Short descriptive text snippets:
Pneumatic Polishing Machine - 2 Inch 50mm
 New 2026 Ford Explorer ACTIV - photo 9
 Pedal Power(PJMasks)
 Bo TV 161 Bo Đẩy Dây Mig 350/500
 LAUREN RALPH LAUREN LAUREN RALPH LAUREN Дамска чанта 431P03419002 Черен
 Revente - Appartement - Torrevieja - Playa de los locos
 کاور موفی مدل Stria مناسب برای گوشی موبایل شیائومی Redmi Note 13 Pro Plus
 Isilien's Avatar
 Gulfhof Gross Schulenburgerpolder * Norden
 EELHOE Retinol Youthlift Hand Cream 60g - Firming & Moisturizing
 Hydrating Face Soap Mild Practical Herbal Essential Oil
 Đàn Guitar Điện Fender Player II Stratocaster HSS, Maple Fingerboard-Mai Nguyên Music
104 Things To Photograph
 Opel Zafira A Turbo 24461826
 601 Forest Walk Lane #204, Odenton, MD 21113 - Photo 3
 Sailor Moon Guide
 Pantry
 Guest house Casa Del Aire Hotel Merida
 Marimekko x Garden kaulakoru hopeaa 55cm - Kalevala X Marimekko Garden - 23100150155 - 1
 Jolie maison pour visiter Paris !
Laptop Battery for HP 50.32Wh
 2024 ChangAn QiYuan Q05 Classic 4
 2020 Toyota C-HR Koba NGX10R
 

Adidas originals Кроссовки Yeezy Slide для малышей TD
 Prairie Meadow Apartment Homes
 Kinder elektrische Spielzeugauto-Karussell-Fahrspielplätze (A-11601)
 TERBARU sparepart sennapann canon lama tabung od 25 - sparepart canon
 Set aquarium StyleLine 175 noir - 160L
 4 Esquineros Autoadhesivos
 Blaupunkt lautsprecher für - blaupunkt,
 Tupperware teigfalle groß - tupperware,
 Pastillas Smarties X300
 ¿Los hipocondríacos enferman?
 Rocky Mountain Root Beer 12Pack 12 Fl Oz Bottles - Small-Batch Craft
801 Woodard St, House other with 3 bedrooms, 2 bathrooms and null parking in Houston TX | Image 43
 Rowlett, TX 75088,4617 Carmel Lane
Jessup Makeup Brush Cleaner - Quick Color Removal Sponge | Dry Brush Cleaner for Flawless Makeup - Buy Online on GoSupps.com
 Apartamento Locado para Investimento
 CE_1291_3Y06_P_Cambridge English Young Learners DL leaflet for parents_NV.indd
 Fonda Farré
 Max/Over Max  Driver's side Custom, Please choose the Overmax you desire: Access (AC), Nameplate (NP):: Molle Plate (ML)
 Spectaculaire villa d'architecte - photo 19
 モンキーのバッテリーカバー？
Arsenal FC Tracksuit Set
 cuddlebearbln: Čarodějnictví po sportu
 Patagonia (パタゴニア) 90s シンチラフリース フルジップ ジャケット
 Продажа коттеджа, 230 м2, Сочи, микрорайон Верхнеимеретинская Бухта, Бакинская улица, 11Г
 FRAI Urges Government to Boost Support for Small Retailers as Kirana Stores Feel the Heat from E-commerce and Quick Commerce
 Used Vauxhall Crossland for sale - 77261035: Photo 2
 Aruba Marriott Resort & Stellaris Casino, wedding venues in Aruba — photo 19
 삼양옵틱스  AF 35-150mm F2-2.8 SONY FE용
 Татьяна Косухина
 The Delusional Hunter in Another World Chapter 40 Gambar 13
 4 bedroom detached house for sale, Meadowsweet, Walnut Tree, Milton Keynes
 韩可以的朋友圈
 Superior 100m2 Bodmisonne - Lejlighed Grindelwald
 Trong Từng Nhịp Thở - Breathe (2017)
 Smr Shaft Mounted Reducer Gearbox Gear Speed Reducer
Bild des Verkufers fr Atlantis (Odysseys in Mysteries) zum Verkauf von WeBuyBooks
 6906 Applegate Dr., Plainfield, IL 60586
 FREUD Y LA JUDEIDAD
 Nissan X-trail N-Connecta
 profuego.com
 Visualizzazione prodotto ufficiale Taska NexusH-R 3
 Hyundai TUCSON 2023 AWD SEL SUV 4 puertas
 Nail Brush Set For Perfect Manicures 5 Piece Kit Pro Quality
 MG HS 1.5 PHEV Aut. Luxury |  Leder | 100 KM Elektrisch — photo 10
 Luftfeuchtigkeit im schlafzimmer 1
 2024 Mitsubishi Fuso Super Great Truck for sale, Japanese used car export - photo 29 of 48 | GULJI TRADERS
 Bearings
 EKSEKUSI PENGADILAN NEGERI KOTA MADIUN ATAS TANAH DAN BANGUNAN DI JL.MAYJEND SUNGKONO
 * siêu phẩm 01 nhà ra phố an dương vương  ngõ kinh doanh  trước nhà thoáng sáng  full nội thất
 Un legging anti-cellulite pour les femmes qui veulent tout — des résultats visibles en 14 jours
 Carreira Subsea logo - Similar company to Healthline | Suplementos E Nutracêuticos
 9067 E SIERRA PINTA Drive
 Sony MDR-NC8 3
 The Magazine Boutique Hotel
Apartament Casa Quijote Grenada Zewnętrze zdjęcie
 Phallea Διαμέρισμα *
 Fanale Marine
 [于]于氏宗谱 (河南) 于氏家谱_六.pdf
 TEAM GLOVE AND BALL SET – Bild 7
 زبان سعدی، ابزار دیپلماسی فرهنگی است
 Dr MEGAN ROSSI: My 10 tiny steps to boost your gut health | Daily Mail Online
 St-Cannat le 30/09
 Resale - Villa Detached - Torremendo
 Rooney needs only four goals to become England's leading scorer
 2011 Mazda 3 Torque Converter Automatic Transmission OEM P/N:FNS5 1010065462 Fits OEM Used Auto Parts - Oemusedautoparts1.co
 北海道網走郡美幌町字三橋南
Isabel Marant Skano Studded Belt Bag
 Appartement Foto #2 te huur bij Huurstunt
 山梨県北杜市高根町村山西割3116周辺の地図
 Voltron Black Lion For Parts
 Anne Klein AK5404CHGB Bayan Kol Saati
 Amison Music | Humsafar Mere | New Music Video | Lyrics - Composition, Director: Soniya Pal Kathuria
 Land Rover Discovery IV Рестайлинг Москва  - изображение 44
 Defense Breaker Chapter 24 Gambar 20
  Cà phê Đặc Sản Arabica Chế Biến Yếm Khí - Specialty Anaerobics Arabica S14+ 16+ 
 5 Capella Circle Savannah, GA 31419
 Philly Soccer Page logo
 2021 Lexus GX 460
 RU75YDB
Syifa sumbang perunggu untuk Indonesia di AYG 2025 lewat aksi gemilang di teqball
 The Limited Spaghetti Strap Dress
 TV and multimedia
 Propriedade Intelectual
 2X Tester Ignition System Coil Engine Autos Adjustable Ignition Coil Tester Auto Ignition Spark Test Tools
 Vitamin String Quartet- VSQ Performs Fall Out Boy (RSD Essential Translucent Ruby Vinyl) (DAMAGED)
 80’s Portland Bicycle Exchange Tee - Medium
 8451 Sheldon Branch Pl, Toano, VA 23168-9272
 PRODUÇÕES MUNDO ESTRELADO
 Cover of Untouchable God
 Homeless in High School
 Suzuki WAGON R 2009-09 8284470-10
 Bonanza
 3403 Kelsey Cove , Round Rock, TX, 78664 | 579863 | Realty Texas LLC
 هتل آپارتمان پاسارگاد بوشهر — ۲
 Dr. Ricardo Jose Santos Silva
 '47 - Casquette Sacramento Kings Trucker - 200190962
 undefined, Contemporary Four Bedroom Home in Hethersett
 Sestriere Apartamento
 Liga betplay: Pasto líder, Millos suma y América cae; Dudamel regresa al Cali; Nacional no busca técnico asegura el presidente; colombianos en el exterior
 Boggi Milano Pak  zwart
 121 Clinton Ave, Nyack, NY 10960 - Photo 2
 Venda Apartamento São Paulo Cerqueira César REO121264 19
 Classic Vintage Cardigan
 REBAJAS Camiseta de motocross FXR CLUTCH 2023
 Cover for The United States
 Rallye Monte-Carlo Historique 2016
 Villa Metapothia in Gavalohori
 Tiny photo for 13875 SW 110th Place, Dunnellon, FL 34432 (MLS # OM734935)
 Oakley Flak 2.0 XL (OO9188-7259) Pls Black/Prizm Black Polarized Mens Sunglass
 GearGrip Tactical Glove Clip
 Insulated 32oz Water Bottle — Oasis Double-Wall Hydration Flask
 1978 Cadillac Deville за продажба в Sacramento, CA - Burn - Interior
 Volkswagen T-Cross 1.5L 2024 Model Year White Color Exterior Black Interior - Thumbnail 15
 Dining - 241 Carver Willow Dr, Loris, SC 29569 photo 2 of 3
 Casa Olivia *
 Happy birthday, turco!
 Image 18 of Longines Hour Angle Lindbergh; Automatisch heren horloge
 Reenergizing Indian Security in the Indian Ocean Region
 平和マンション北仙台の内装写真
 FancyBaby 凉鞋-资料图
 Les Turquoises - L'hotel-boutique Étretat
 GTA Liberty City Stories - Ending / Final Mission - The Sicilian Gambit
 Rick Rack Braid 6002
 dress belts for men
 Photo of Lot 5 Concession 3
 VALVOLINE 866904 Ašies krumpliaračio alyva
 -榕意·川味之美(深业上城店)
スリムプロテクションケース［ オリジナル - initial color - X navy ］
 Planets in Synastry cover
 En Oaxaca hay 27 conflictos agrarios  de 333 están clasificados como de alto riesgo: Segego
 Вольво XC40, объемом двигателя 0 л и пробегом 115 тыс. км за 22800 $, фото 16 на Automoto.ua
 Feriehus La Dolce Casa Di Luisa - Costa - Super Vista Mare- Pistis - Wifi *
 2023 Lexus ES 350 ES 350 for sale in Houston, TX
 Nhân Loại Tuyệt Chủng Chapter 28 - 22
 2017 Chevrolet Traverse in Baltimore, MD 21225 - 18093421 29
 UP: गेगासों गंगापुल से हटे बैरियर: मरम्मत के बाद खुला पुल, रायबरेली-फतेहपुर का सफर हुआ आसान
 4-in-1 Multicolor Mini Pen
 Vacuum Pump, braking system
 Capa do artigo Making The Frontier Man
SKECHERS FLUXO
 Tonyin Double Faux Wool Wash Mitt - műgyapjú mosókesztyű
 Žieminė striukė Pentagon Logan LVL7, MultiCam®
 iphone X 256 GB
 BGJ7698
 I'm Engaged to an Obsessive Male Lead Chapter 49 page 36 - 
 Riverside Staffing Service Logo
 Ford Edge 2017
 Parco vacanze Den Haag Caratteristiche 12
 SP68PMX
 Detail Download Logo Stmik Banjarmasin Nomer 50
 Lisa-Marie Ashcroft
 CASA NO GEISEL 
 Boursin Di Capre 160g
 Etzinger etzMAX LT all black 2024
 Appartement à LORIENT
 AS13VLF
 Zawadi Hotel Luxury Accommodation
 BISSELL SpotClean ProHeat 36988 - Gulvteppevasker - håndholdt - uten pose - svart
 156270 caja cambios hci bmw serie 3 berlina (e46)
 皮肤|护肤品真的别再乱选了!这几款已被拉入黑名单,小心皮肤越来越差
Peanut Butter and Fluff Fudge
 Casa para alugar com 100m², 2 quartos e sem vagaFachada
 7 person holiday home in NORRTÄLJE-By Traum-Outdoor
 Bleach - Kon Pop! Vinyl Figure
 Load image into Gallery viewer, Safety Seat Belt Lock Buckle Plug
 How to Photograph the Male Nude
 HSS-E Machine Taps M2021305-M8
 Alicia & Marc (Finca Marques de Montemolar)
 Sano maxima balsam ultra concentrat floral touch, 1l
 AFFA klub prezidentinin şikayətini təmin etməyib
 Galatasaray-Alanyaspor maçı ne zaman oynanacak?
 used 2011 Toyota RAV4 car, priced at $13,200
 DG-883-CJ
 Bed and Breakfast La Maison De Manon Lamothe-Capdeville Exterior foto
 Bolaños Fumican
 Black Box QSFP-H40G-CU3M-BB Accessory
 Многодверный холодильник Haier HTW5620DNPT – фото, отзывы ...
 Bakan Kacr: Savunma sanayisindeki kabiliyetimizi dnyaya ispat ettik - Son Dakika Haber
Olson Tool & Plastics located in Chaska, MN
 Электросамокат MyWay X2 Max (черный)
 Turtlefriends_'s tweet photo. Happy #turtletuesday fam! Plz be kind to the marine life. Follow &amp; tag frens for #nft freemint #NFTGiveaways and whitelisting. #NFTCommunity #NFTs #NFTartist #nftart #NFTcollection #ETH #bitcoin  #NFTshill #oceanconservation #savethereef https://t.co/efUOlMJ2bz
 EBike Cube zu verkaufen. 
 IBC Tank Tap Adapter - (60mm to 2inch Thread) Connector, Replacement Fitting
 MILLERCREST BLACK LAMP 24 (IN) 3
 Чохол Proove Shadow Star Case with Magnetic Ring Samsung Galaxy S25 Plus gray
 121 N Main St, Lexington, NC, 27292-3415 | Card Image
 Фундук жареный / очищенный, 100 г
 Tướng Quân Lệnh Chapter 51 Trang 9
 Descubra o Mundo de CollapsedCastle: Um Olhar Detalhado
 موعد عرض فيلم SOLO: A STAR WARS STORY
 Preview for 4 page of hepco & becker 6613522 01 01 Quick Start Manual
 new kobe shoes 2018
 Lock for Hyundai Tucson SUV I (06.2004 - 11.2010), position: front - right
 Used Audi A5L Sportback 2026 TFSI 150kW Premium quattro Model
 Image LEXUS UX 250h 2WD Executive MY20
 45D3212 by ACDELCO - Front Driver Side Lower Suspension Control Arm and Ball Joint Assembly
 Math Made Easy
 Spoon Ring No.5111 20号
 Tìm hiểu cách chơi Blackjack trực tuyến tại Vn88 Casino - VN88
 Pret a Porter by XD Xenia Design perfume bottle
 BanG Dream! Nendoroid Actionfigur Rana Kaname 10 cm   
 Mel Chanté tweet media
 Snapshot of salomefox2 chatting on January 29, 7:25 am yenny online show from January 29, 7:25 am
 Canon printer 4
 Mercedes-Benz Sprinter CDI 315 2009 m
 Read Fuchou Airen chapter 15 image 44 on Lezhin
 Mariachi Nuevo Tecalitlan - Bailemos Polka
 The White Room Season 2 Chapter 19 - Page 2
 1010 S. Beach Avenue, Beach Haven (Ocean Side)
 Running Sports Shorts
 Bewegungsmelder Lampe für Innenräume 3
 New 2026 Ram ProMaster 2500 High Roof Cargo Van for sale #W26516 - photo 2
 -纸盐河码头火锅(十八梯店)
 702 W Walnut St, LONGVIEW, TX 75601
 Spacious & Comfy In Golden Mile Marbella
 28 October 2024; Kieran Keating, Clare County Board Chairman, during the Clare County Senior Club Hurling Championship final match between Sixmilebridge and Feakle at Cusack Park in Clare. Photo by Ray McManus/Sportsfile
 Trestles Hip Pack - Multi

- _Task to complete_: Set down, from the entries above, exactly the lines from the one with "Venda Apartamento São" up to and including the one with "Insulated 32oz Water", and no other lines.

- _Answer section_:
 Venda Apartamento São Paulo Cerqueira César REO121264 19
 Classic Vintage Cardigan
 REBAJAS Camiseta de motocross FXR CLUTCH 2023
 Cover for The United States
 Rallye Monte-Carlo Historique 2016
 Villa Metapothia in Gavalohori
 Tiny photo for 13875 SW 110th Place, Dunnellon, FL 34432 (MLS # OM734935)
 Oakley Flak 2.0 XL (OO9188-7259) Pls Black/Prizm Black Polarized Mens Sunglass
 GearGrip Tactical Glove Clip
 Insulated 32oz Water Bottle — Oasis Double-Wall Hydration Flask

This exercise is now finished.